• [DATA BELOW]:
————

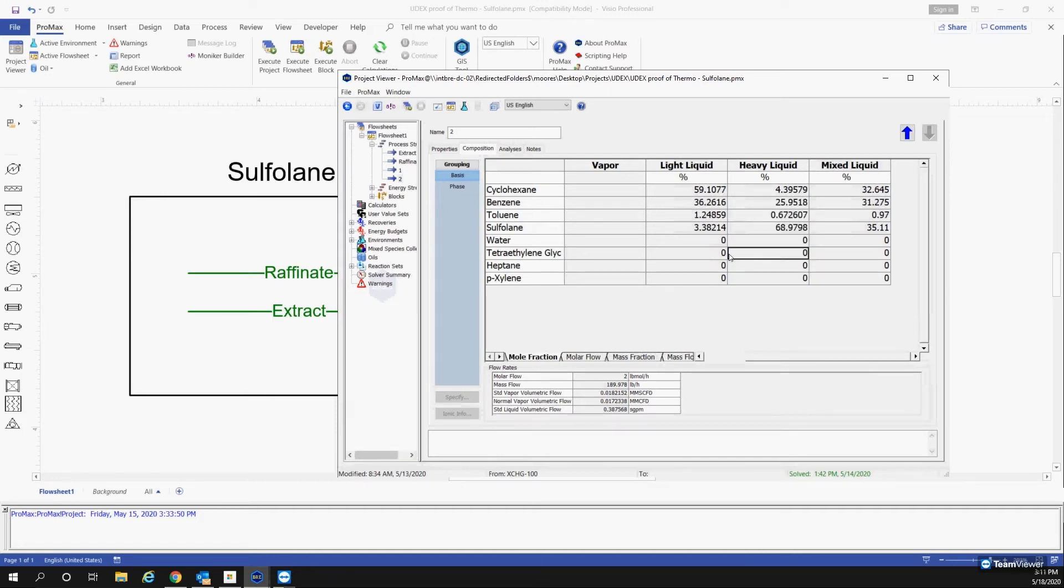So what we want, if our thermo is correct, the light liquid should be the exact same composition that the paper has of the raffinate, and the heavy liquid should have a direct correlation to the extract. So those compositions should match identically.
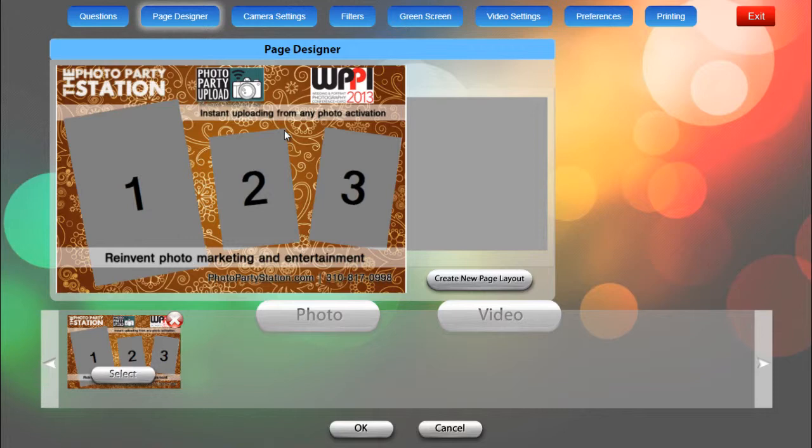So the Page Designer really allows you to create your page layout and this is where you'll determine how many photos are taken per session and how they're arranged on your final print or uploaded file.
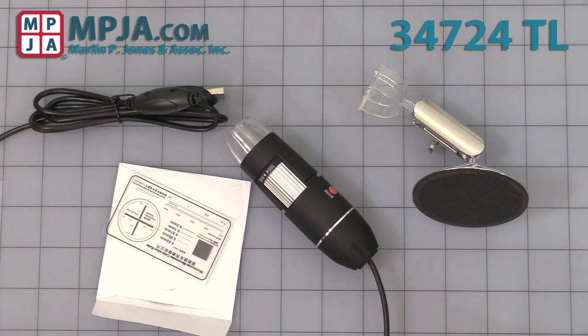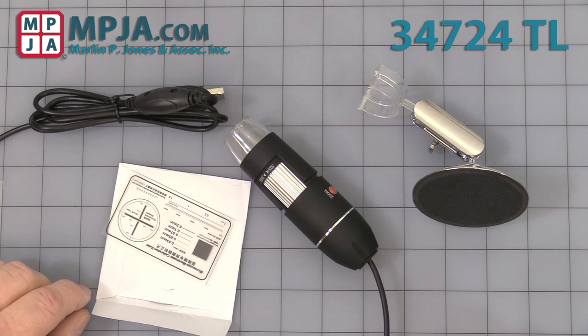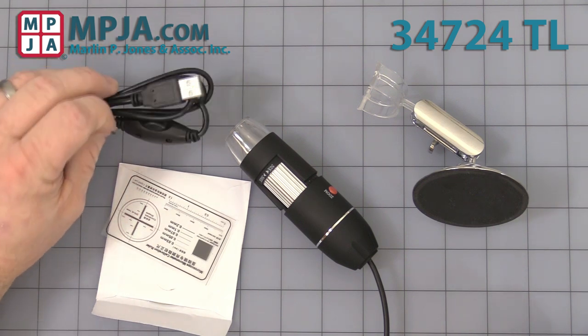Hello, today's video is on stock number 347-4TL, the color CMOS magnification camera, a USB magnification camera.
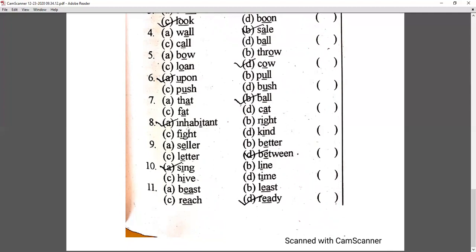Seventh: that, ball, fat, cat — 'a' is underlined. That, fat, cat have a similar short 'a' sound, but 'ball' gives an 'o/aw' sound — so 'ball' is different; tick and write in the bracket. Eighth: inhabitant, right, fight, kind — 'i' is underlined. Right, fight, kind give a long 'i' sound, but 'inhabitant' gives a short 'e' sound — so 'inhabitant' is the correct answer.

————

• [WORK REQUIRED]:
Your copy must start at the line that holds "Hello, today's video" and end at the last line of the data, both included; it must contain no pictures.

• [WRITTEN SOLUTION]:
Hello, today's video is on stock number 347-4TL, the color CMOS magnification camera, a USB magnification camera.
Seventh: that, ball, fat, cat — 'a' is underlined. That, fat, cat have a similar short 'a' sound, but 'ball' gives an 'o/aw' sound — so 'ball' is different; tick and write in the bracket. Eighth: inhabitant, right, fight, kind — 'i' is underlined. Right, fight, kind give a long 'i' sound, but 'inhabitant' gives a short 'e' sound — so 'inhabitant' is the correct answer.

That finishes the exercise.